_ACTIVITY_
Take the data below and extract the lines from the one with "Baseball Mini Resin Teardrop Earrings" to the one with "Noble Lavender Sleeveless", inclusive, exactly as written.

_RECORD EXTRACTS_
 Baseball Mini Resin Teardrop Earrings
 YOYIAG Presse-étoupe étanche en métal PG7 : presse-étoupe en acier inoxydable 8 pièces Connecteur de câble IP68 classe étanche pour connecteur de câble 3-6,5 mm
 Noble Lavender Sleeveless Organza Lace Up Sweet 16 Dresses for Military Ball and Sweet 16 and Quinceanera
---
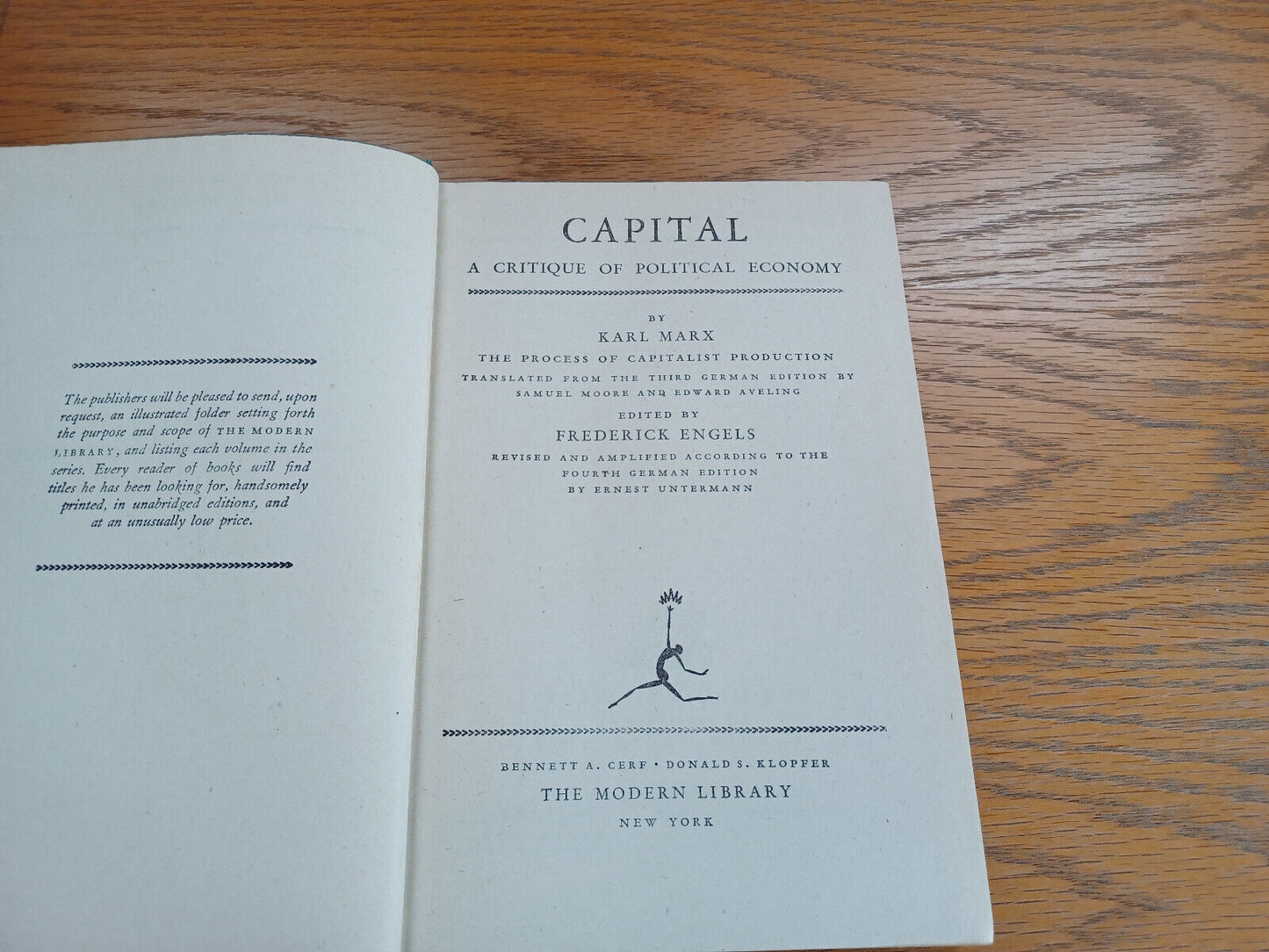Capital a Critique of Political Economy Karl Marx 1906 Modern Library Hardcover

_COMPLETED EXERCISE_
 Baseball Mini Resin Teardrop Earrings
 YOYIAG Presse-étoupe étanche en métal PG7 : presse-étoupe en acier inoxydable 8 pièces Connecteur de câble IP68 classe étanche pour connecteur de câble 3-6,5 mm
 Noble Lavender Sleeveless Organza Lace Up Sweet 16 Dresses for Military Ball and Sweet 16 and Quinceanera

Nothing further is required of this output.